• _What you are asked to do_:
Every line below needs to be transcribed without alteration, and no image may be carried over.

[Items from a dataset]
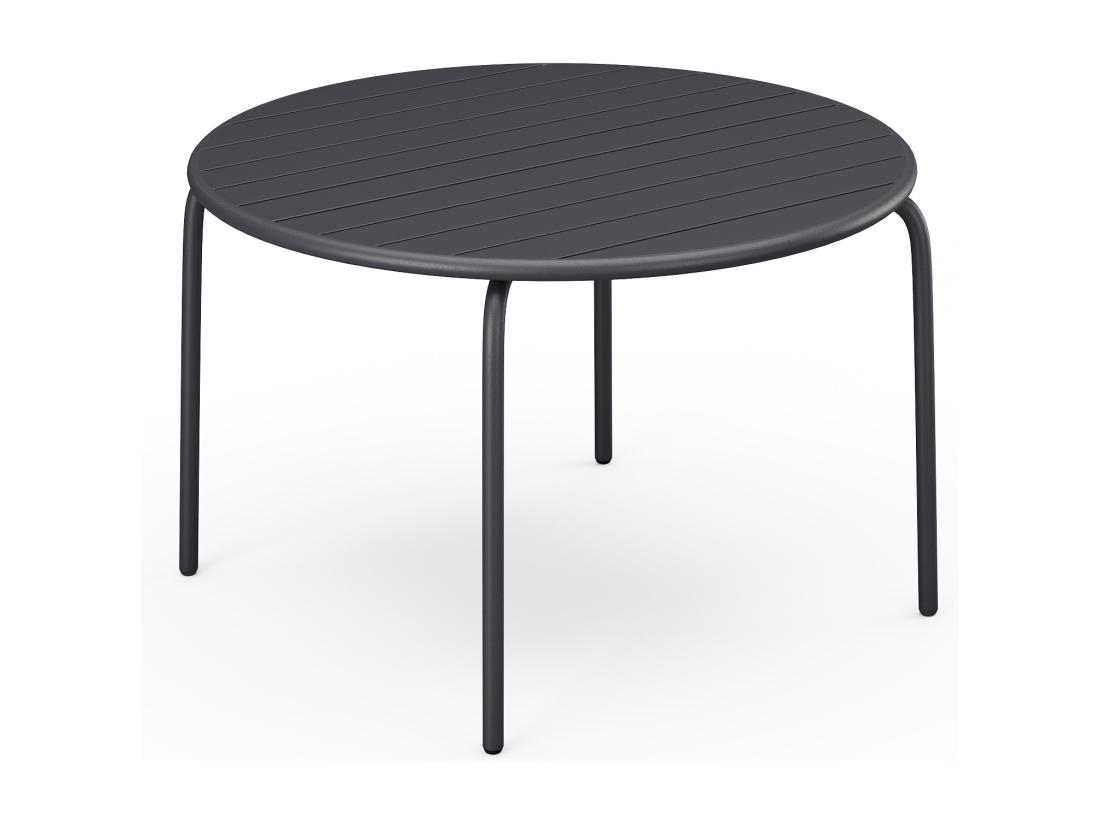 vente unique Table de jardin ronde D.110 cm en métal - Gris anthracite - MIRMANDE de MYLIA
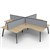 RAPIDLINE ETERNITY CORNER WORKSTATION 4 PERSON 1500 X 1500MM WITH SCREEN NATURAL OAK  BLACK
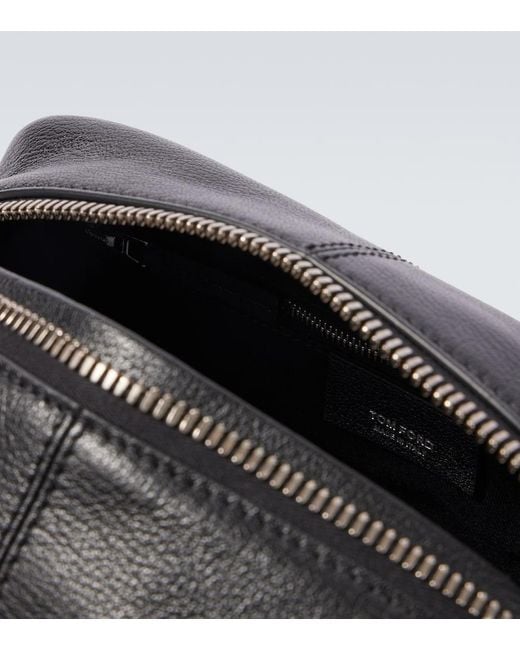 Tom Ford Black Logo Leather Toiletry Bag for men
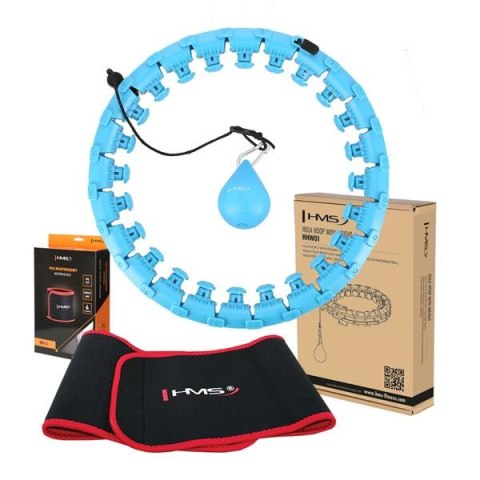ZESTAW HULA HOP HHW01 BLUE Z WYPUSTKAMI I OBCIĄŻNIKIEM HMS + PAS BR163 RED ZESTAW HULA HOP HHW01 BLUE Z WYPUSTKAMI I OBCIĄŻNIKIEM HMS + PAS BR163 RED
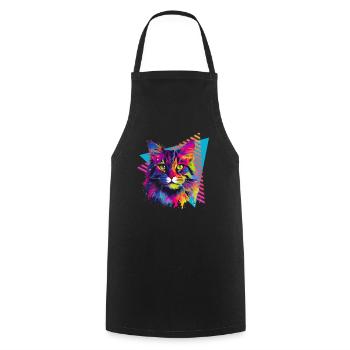 Maine Coon 80s Style - Cooking Apron - black - Front - AI Model Male 185 dark (185cm)
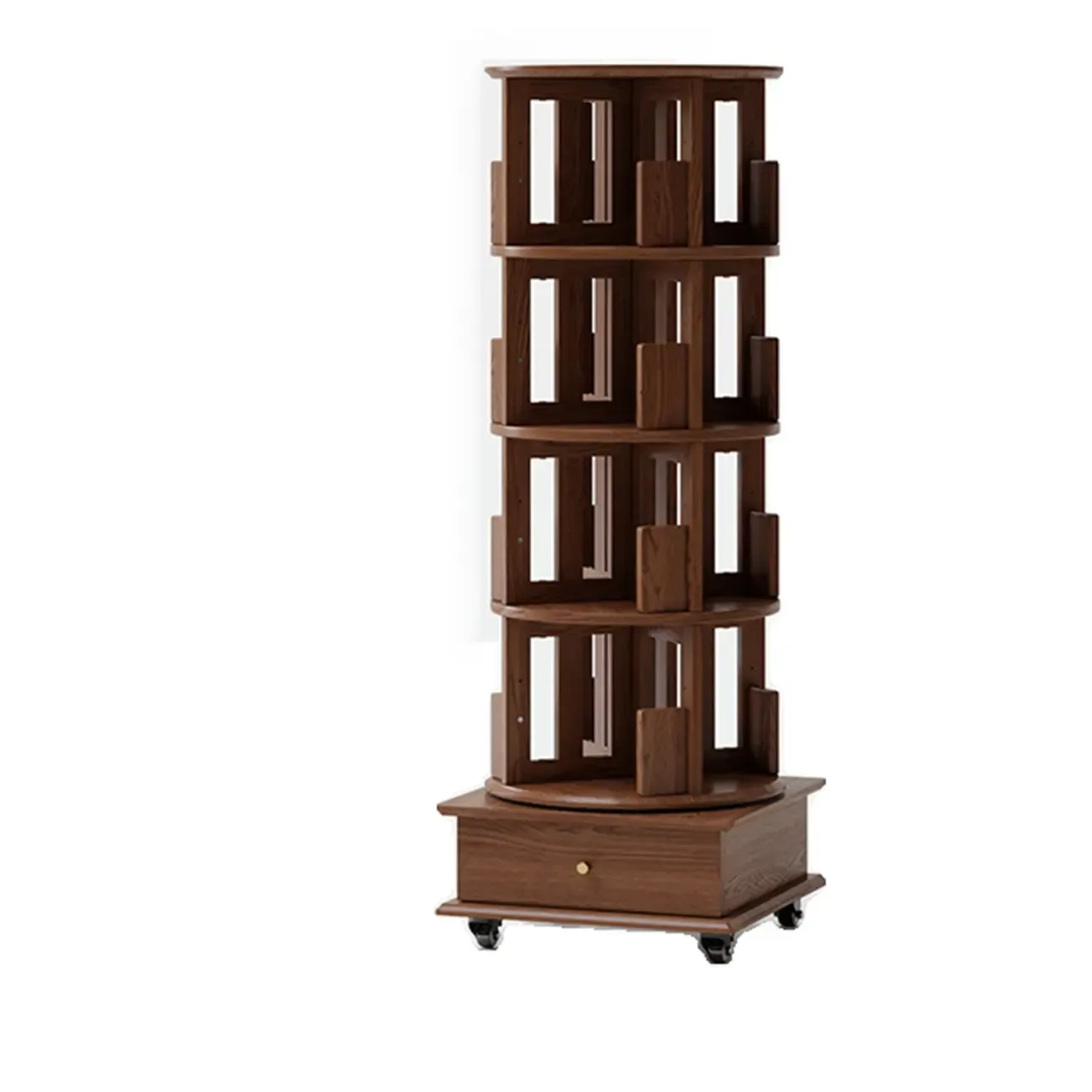 Swivel Rubberwood Vertical Open Back Bookcase with Drawer Image - 17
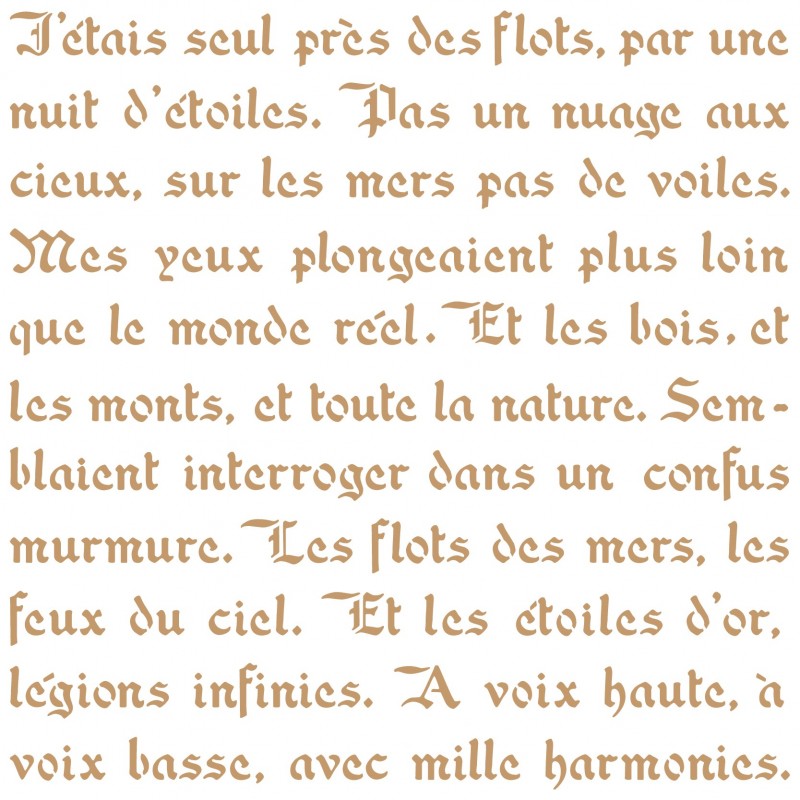 Stencil "French Poem" no. 063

• _Exercise result_:
 vente unique Table de jardin ronde D.110 cm en métal - Gris anthracite - MIRMANDE de MYLIA
 RAPIDLINE ETERNITY CORNER WORKSTATION 4 PERSON 1500 X 1500MM WITH SCREEN NATURAL OAK  BLACK
 Tom Ford Black Logo Leather Toiletry Bag for men
ZESTAW HULA HOP HHW01 BLUE Z WYPUSTKAMI I OBCIĄŻNIKIEM HMS + PAS BR163 RED ZESTAW HULA HOP HHW01 BLUE Z WYPUSTKAMI I OBCIĄŻNIKIEM HMS + PAS BR163 RED
 Maine Coon 80s Style - Cooking Apron - black - Front - AI Model Male 185 dark (185cm)
 Swivel Rubberwood Vertical Open Back Bookcase with Drawer Image - 17
 Stencil "French Poem" no. 063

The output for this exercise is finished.